For sleep (an area many parents struggle with), a positive relationship and how a child that feels safe and secure will not struggle with bedtime as much is emphasized (good) then the authors recommend using disengagement and ignoring when the child struggles at bedtime, regardless of the reason (bad). Furthermore, they also advocate the new “pass” method in which children are given one pass to get up during the night and that’s it. If you go pee, you don’t get to get up again to either pee again, get water, deal with a nightmare, and so on. Any child who has any anxiety at all about sleep will suffer greatly with this method, not to mention how young children struggle to understand nuances, and the ones with anxiety are often the ones that struggle more with bedtime and getting up so this becomes a losing situation. One positive was that bedsharing was not treated as the devil, but there were strong cautions about it and the habits that can develop (with a bit of a negative tone to it); however, it was left to the family as to what they are comfortable with.
(I will say that the one chapter where I found predominantly good information was on building resilience, where the focus was allowing your child to fail, being there for them, and supporting them trying again. They were clear that you shouldn’t put your child in a situation to fail and that these situations happen naturally and it’s our job to be “attentive”, not to solve every problem for them. The examples and discussions in this chapter were, I felt, pretty spot on in terms of being responsive without inhibiting your child’s growth.)
At the end of the day, the book reads too much like a behaviourist handbook only with some gentle suggestions sprinkled in to make the rest sound good. With an overall focus on praise, rewards, consequences, and consistency at all costs (this is highly emphasized – there is no room for parents to take situations into account), the emphasis ends up being more on changing children’s behaviour and not cultivating that positive relationship that is promised at the outset.
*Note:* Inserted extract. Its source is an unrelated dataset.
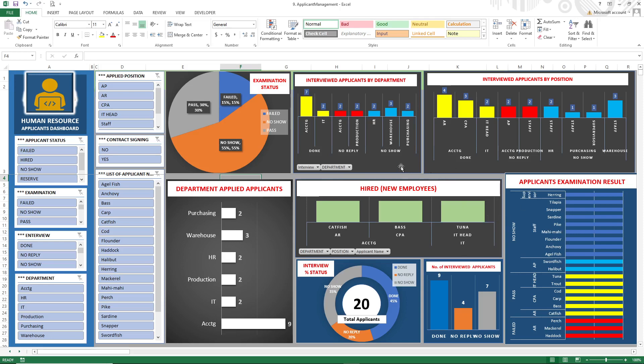...or the hired applicants. Below is the interview percentage status and the total number of applicants.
Unless, of course, the positive relationship is based on children doing what the parent wants.
As the authors say in the book, the theme of their advice is “Parent the behaviour, not the intent.” The problem? Intent is everything when we’re trying to build relationships with people. We have to understand our children’s intent to help them achieve it in appropriate ways and to help us respond to them in an appropriate manner. When you take away intent, you lose that connection and the ability to truly help guide your child through the socialization process. Just as we don’t respond to our partners without consideration of their intent, we shouldn’t do the same to our kids. As such, I simply cannot recommend this book to parents despite the bits of good that are in it. The overarching tone is too behaviourist and there is too much punishment, detachment, and non-responsiveness to make the book gentle or helpful in the quest to build positive parent-child relationships.